(Stored items from a collection)
Content starts

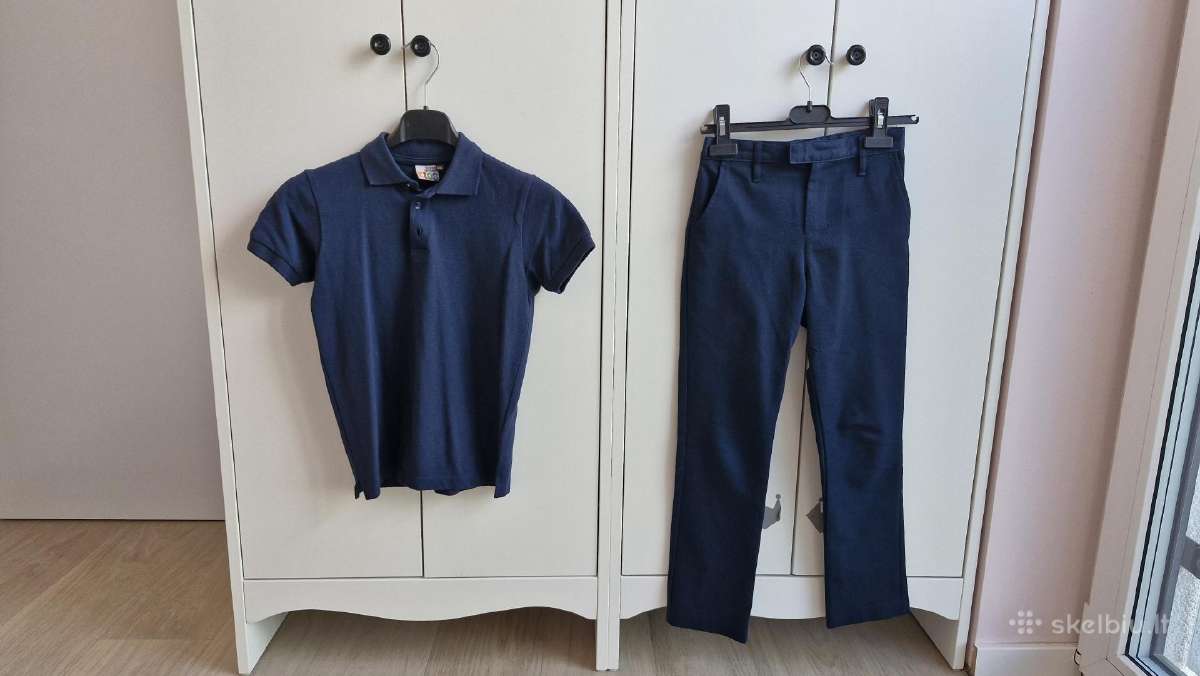 Mokyklinės kelnės 134cm ir polo marškinėliai 134cm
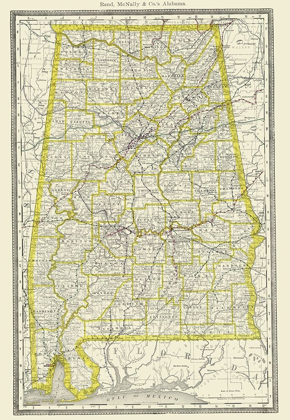 Picture of ALABAMA - RAND MCNALLY 1890
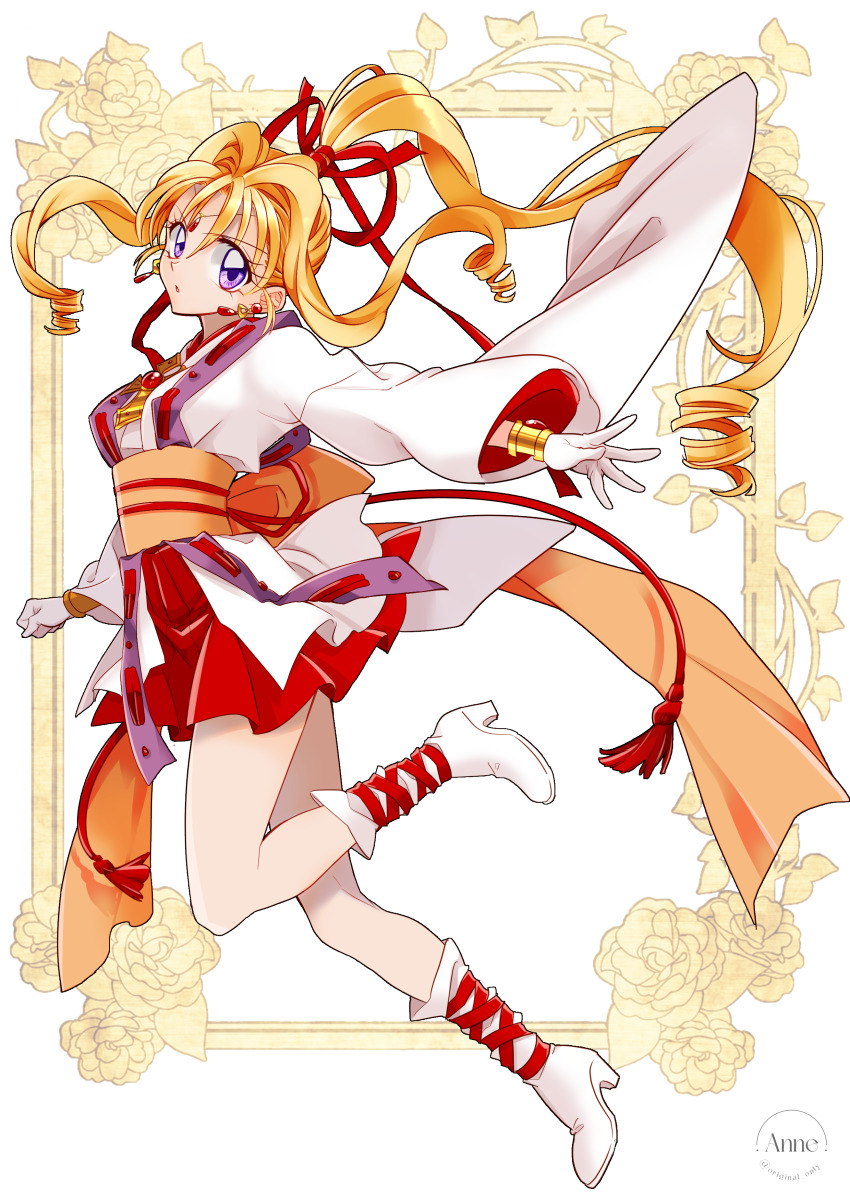 1girl, absurdres, back_bow, blonde_hair, boots, bow, commentary_request, earrings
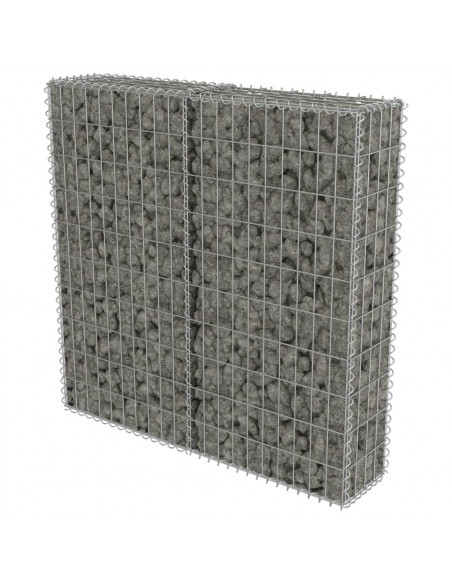 Gabbione con Copertura in Acciaio Zincato 100x20x100 cm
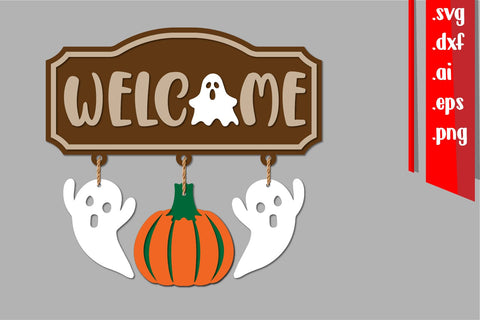 Halloween Wall Decor, Halloween Decor Svg, Welcome Wall Decor Lasercut SVG zafrans studio 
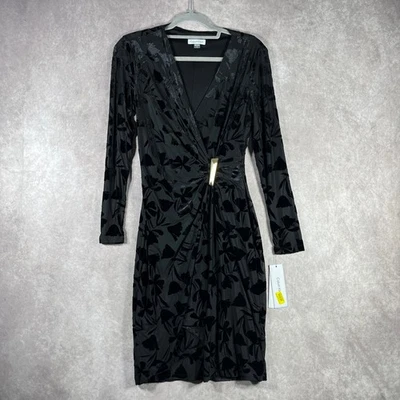 Calvin Klein Side Bar Dress Womens 8 Black Burnout Velvet Ruched Side Cocktail - Image 1 of 4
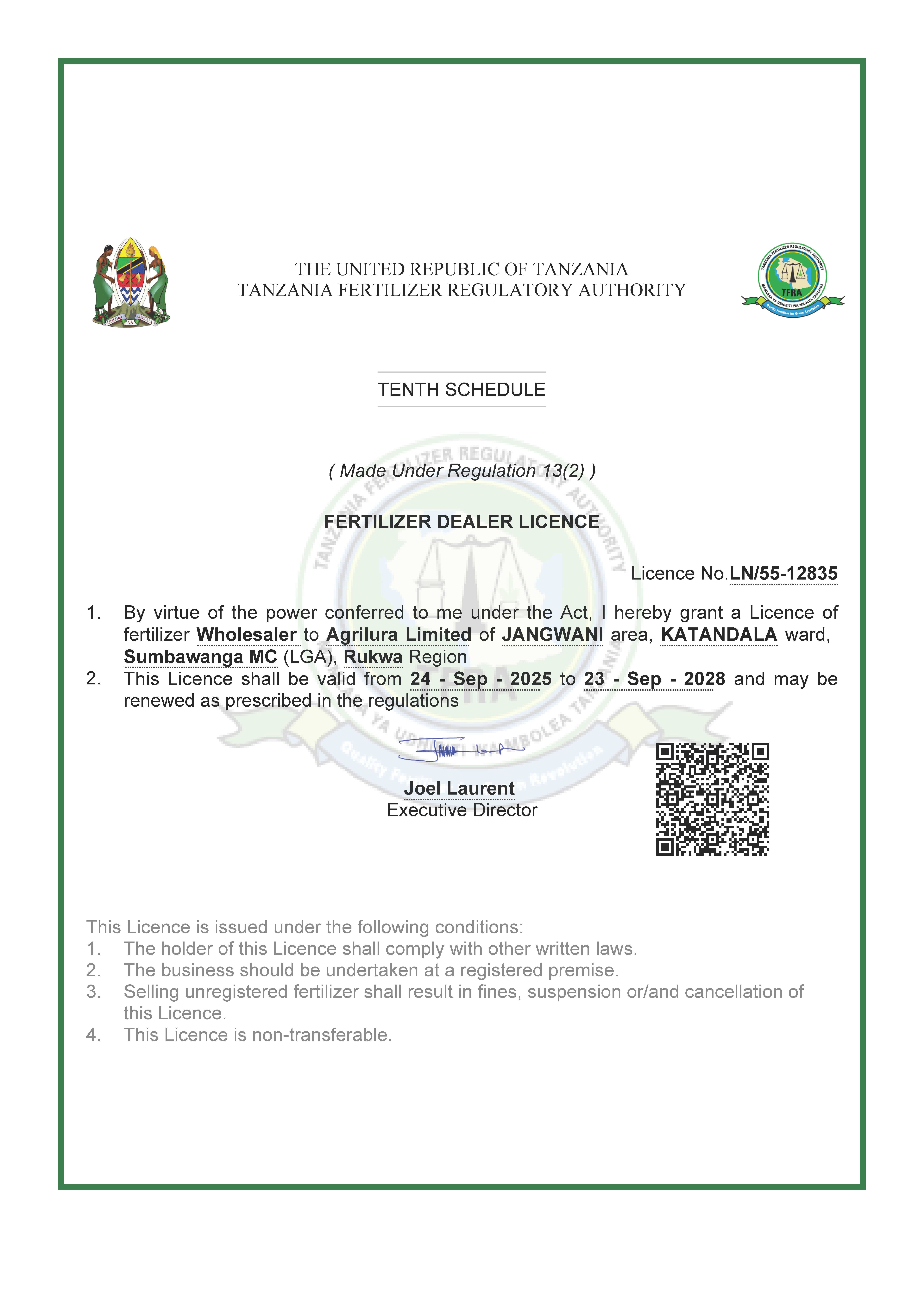 Fertilizer distribution licensed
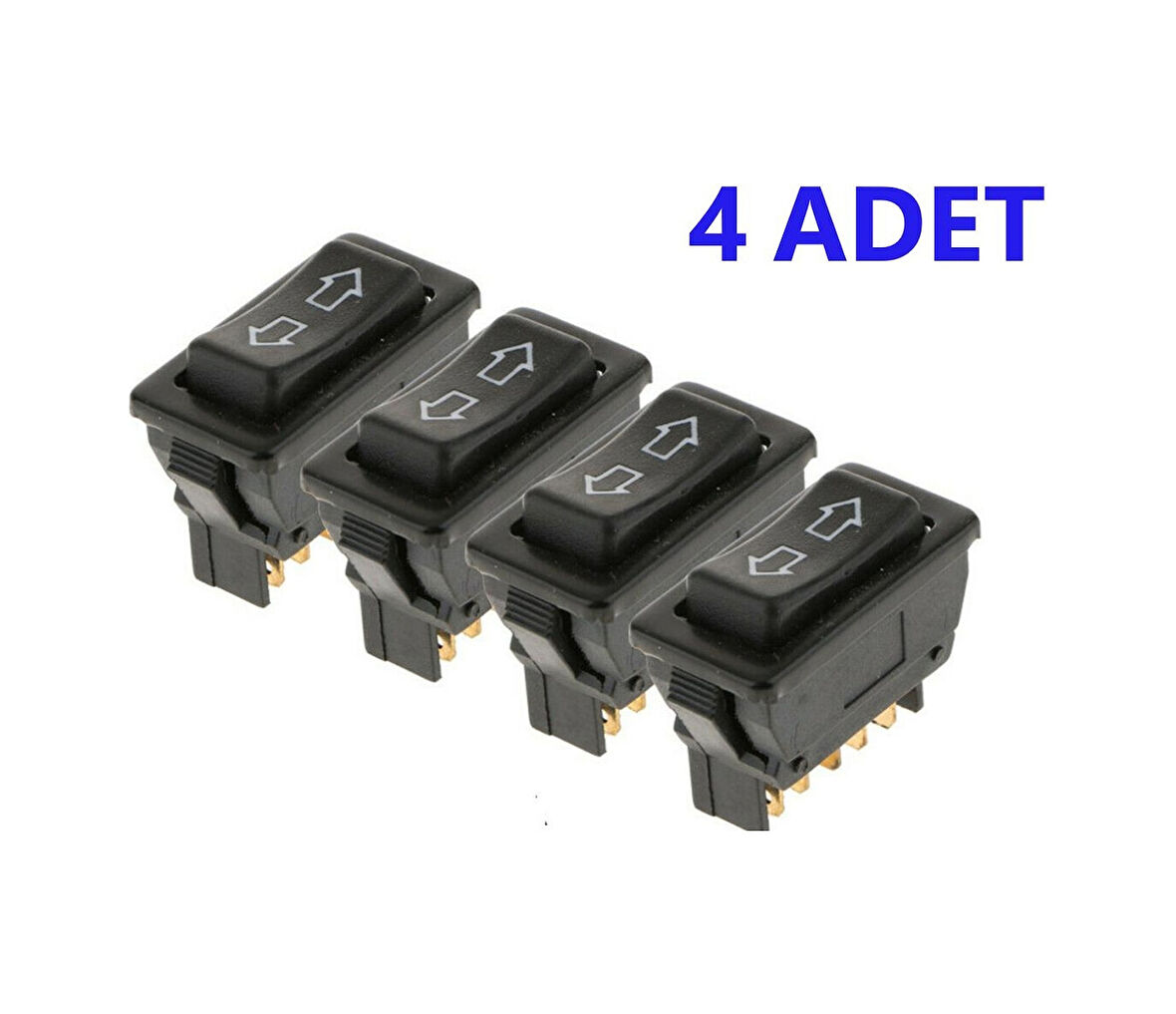 Üniversal Ok İşaretli Cam Düğmesi Anahtarı 4 Adet 5 Pinli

Content ends

PROBLEM TO SOLVE: Print the records verbatim, without pictures.

OUTPUT OF THE TASK:
 Mokyklinės kelnės 134cm ir polo marškinėliai 134cm
 Picture of ALABAMA - RAND MCNALLY 1890
 1girl, absurdres, back_bow, blonde_hair, boots, bow, commentary_request, earrings
 Gabbione con Copertura in Acciaio Zincato 100x20x100 cm
 Halloween Wall Decor, Halloween Decor Svg, Welcome Wall Decor Lasercut SVG zafrans studio 
 Calvin Klein Side Bar Dress Womens 8 Black Burnout Velvet Ruched Side Cocktail - Image 1 of 4
 Fertilizer distribution licensed
 Üniversal Ok İşaretli Cam Düğmesi Anahtarı 4 Adet 5 Pinli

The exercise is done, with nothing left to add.